A native of Seattle, in the soccer-mad Pacific Northwest, Sawatzky came up through MLS when many players made peanuts. $24,000 was the infant league’s minimum salary in ‘96, and “a lot of guys were on the minimum,” he remembered, recalling his first training session with the New England Revolution. “You’re trying to live in Boston where 24k won’t buy a loaf of bread. You’re picking out five guys you just met to see if they want to split the rent on a place in the city.”
Sawatzky speaks now the same way he played then – full of energy and enthusiasm. He’s opinionated, gruff and pivots from one topic to another in the same manner that he cut in off the flank at the old Foxboro Stadium, a concrete bowl that lives only in the memories of MLS nostalgia freaks. He’s a veteran of all tiers of the American soccer pyramid, from the collegiate ranks to the buzzing dasher boards and deflections of the indoor game. His post-playing CV is even more varied. He’s coached high school and college. He was a pro scout; coached indoor and even stepped in as the interim manager of Guam’s national team. But what excites him most is developing young players, pushing them on to those elusive professional ranks. It’s in this unsure space that he’s found a home.
Losing to win
“It’s our job to get kids into the professional game,” said Sawatzky, getting his side set for a second-straight Open Cup this May. As an independent affiliate of the Seattle Sounders – of old NASL and current MLS fame – they wear the same shirts but are all amateurs between the ages of 18 and 23. They play in the Premier Developmental League (PDL), which was started in 1995 and now boasts 72 teams. Informally it constitutes part of the fourth tier of American soccer, and Sawatzky, in his signature way, boils the job down to its most basic elements. “Every summer, college kids come in to continue their development. Last year we drafted seven guys from the club into the pro ranks, so we have to re-build the team every summer.”

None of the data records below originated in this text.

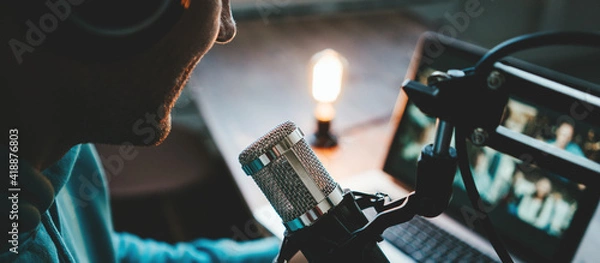 Obraz Young host streaming his live podcast using professional microphone at small broadcast studio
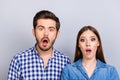 Omg! Noway! Curious shocked couple, standing in casual shirts, i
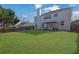Expansive backyard featuring a lush green lawn, a patio area, and a wooden fence at 3184 Elmwood Ct, Atlanta, GA 30349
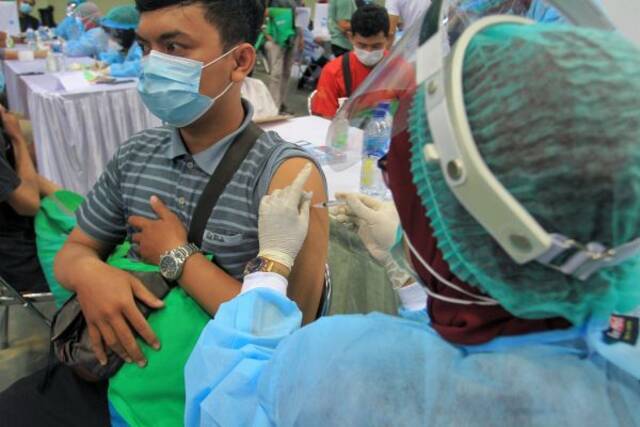 6月14日，一名男子在印度尼西亚日惹接种新冠疫苗。（新华社）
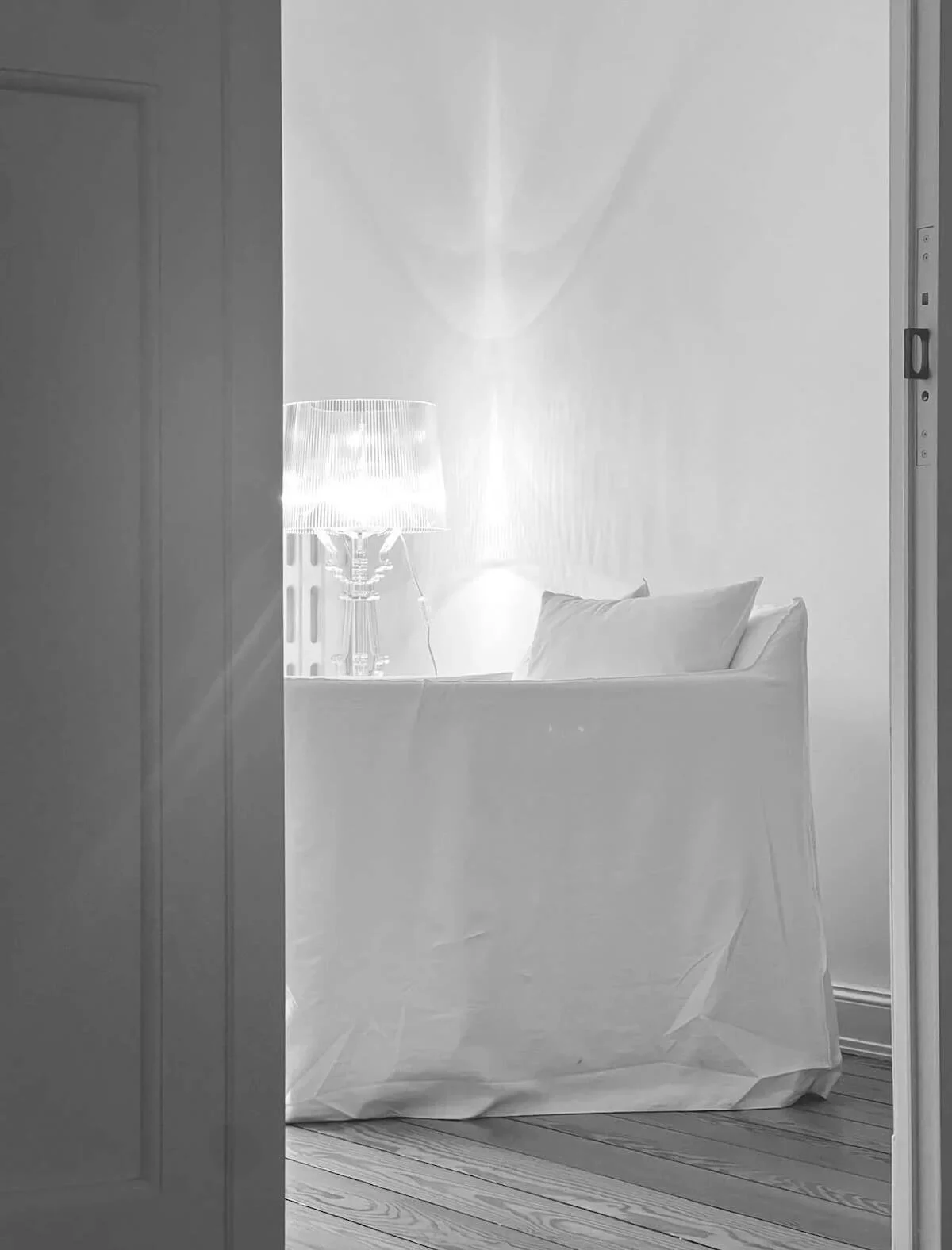 Blick durch eine geöffnete Tür in einen hellen Coaching-Raum mit Sessel und Tischlampe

Adam Jones, in his junior year at Simon Fraser University in Canada, is one of the players returning from last season. “The most important thing for a college athlete is to stay fit, and the only way to stay match fit is to play matches,” said Jones, a marketing major who travels from his hometown of Port Moody in British Colombia for the Sounders summer season in the six-team Northwest Division. He calls Sawatzky a “players’ coach” who’s “been there and done it,” and when he tells you something, he knows what he’s talking about.” His affection for his boss is obvious. So is his respect.
“It’s all about winning. That’s our only concern. You can’t replicate that intensity of these all-or-nothing games. And that can make all the difference for a player down the road.” - Seattle Sounders U-23 head coach Darren Sawatzky
Sawatzky’s a good sport when reminded of the flowing blond ponytail he used to sport on the field in the mid-90s that led to the unfortunate nickname, beloved by opposing fans: My Little Pony. “The look didn’t age well, but it’s part of a cycle of bad haircuts in soccer that lives to this day,” he said, decent enough not to point the finger directly at former Sounders U-23 alumnus, DeAndre Yedlin.
Developmental coaches, by nature, are stuck in the gray zone between success on the field and making sure their young charges suffer the adversity that will serve them in the future. It’s the curse of the youth-team coach.
“Americans like to win,” said Sawatzky, who was bit by the coaching bug when he played for the legendary Clive Charles three hours south down the I-5 at the University of Portland. “You’ve got kids being coached like pros at eight and nine years old, which is insane. If you want to develop players, sometimes you have to lose to win. It’s hard, but that’s the job. I’ve put guys in games knowing they’re going to get knocked around, but also knowing it’s just the lesson they need.”
The win is years down the road for Sawatzky, and many like him in the developmental ranks. The final whistle isn’t the final whistle. He speaks with pride about his success stories. “[DeAndre] Yedlin is going back to the EPL next season, and I had him when he was just a kid and didn’t have a pot to piss in.” For Sawatzky, a ferocious competitor in his playing days, it’s the long game that matters now. “I bounced Jordan Morris on my knee and know he’s the man in the U.S. National Team.”
All-or-nothing Open CupBut there’s still a time when winning is all that matters: The Open Cup. “It’s all about winning. That’s our only concern,” Sawatzky said, admitting his squad will likely be incomplete for the First Round game against local amateurs OSA FC of Seattle. “You can’t replicate that intensity of these all-or-nothing games. And that can make all the difference for a player down the road.”
Seattle Sounders U-23s head coach Darren Sawatzky (center)
Young Jones, a compact and tidy midfielder, agrees completely and is looking forward to his second straight tilt at the Open Cup. “The motivation is built in. It’s all on the line all the time,” said Jones, admitting that the Sounders’ shirt he and his teammates wear acts as a spur for the teams they face.
“They come and they go,” Sawatzky said about his players, who roll over every year when they get drafted into the pro ranks or throw in the towel and join the working week. That’s the nature of things and he accepts it. But he has the way of a coach who cares, and there’s a player inside him that still wants to win every game.
Jones, who’s collegiate eligibility expires at the end of the calendar year, hopes to go pro right away. Maybe he will and maybe he won’t, but in the meantime there’s the Open Cup to prepare for. “The motivation is huge for us,” he said, standing unsure at the crossroads of professional and amateur soccer. “The more you win, the better the chance you could play against a pro team, maybe an MLS team, and maybe get seen.”